Reportagem da Folha revelou
que um terço das cidades paulistas -206 de 645 municípios- carece de delegados titulares. Isso
quer dizer que essas delegacias ficam acéfalas na maior parte dos
dias, recebendo visitas do responsável final pelos inquéritos duas
vezes por semana, se tanto.
Ao acumular a supervisão de
várias delas, o delegado dificilmente se familiarizará o bastante
com as peças em andamento. Notoriamente deficientes, mesmo
quando feitos em delegacias bem
dotadas de pessoal e recursos, os
inquéritos se tornam ainda mais
morosos e falhos. É o princípio de
uma longa cadeia de impunidade.
Para que crimes cheguem a ser
julgados e seus perpetradores,
condenados, um inquérito precisa
ser acatado como completo e competente pelo Ministério Público,
que oferece denúncia à Justiça.
Não há boas estatísticas nacionais
sobre tal medida de eficiência do
trabalho policial no Brasil. Estudo
concluído em 2009 sob a coordenação do sociólogo Michel Misse,
no entanto, revelou situação acabrunhante nas capitais de cinco
Estados (DF, MG, PE, RJ e RS).
O levantamento mostrou que
92,5% dos homicídios dolosos resultam em inquéritos enviados ao
Ministério Público até quatro anos
após a ocorrência. Meros 4% deles
se tornam denúncias, vale dizer, o
início de ação penal. A maioria
(82%) é devolvida ao delegado para novas diligências, iniciando o
vaivém pejorativamente conhecido como "pingue-pongue".

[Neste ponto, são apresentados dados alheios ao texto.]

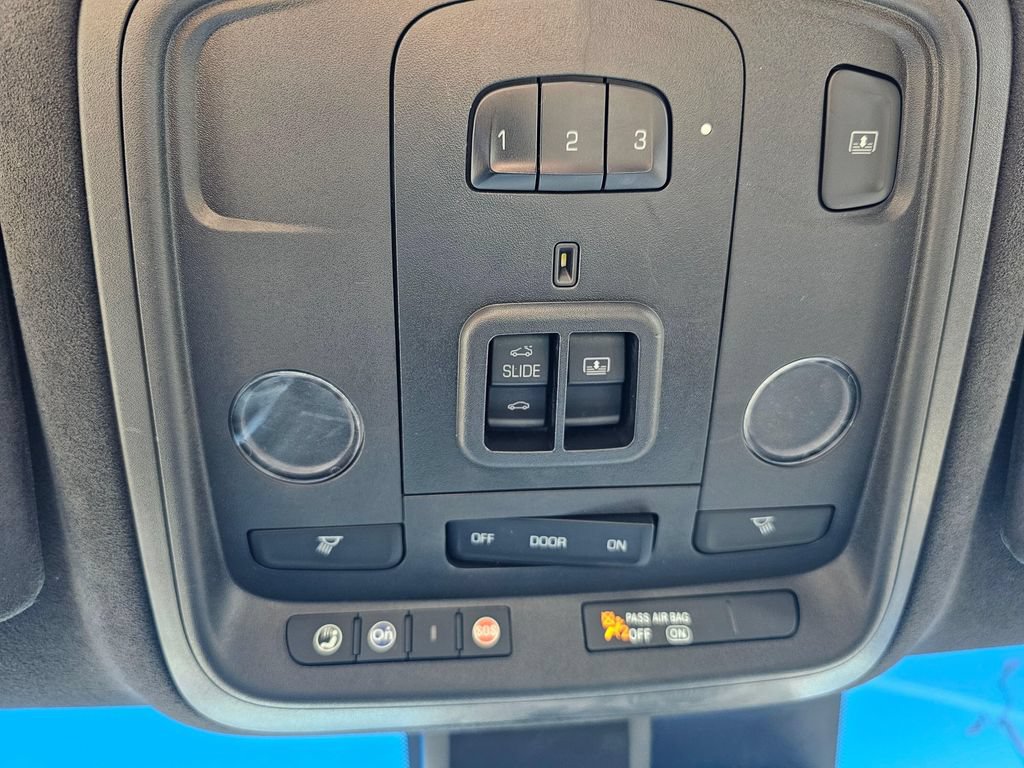 Used 2018 Cadillac XTS Platinum AWD/4WD image 32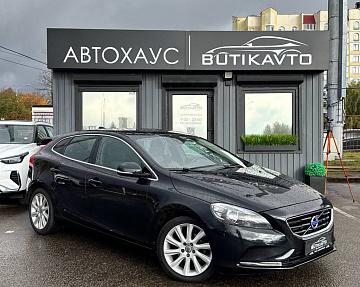 Volvo V40 II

Decerto a ausência de delegados titulares não constitui a causa
principal de tamanha ineficácia,
mas tampouco parece propícia à
produção de inquéritos robustos.
A Secretaria da Segurança Pública
de São Paulo defende que o acúmulo de funções não é prejudicial.

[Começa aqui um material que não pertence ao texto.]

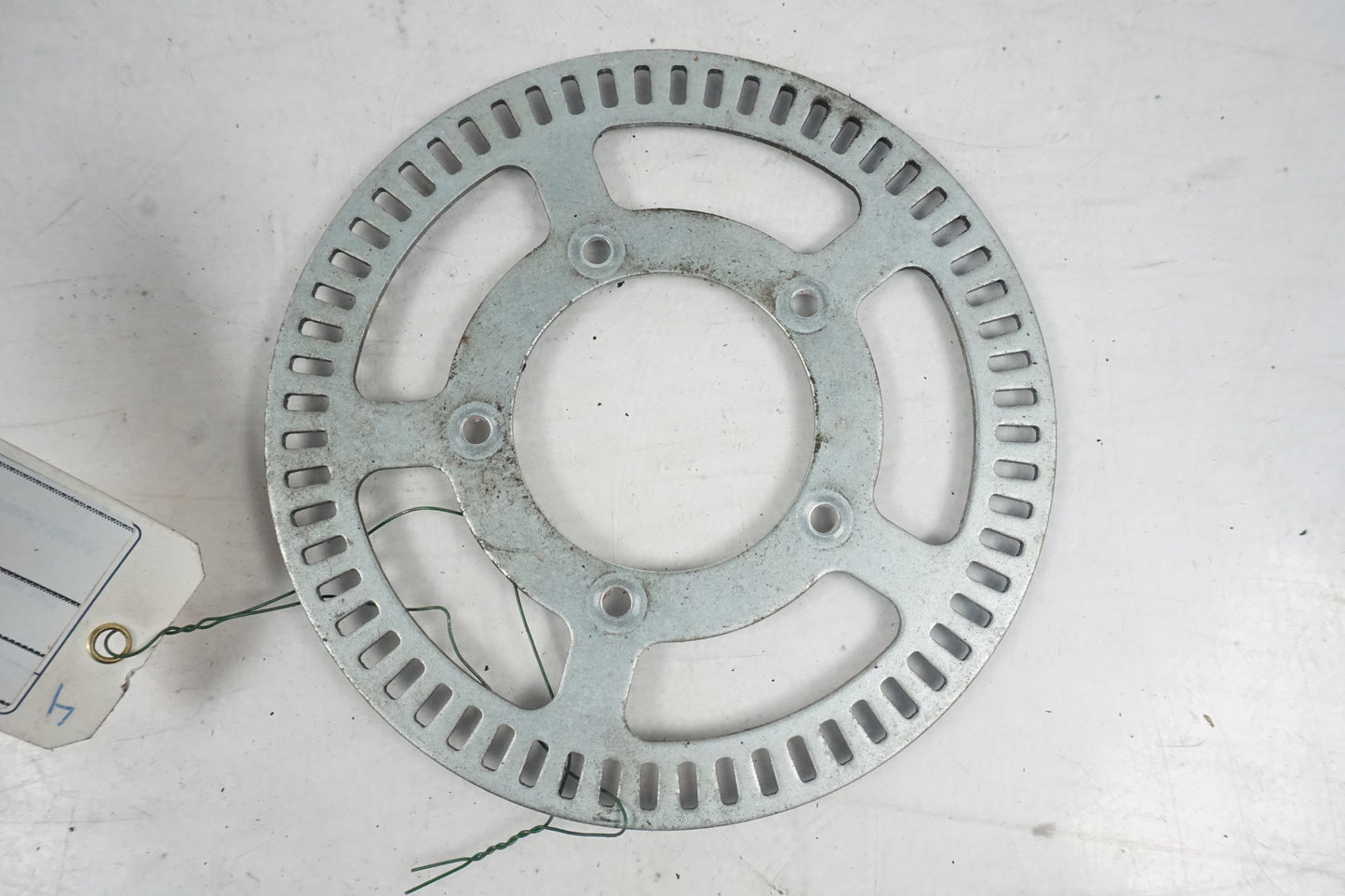 Vänster sida på ABS krans från en Triumph Sprint ST -2007 motorcykel.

As cidades desguarnecidas têm
população aquém de 100 mil habitantes e índices baixos de criminalidade. Nessas condições, o delegado poderia supervisionar o
trabalho de investigadores à distância. A reportagem, por outro lado, constatou que no ano passado
131 daqueles 206 municípios tiveram aumento de pelo menos um
tipo de crime (homicídio, roubo e
furto) na comparação com 2009.
É concebível que algumas localidades prescindam da presença
de um delegado em período integral. Nesses casos, contudo, faria
mais sentido fechar os postos desnecessários. Há no presente nove
concursos em andamento no Estado para 6.376 vagas de policiais
militares e civis -nenhum deles
destinado a preencher as cadeiras
vacantes de delegados.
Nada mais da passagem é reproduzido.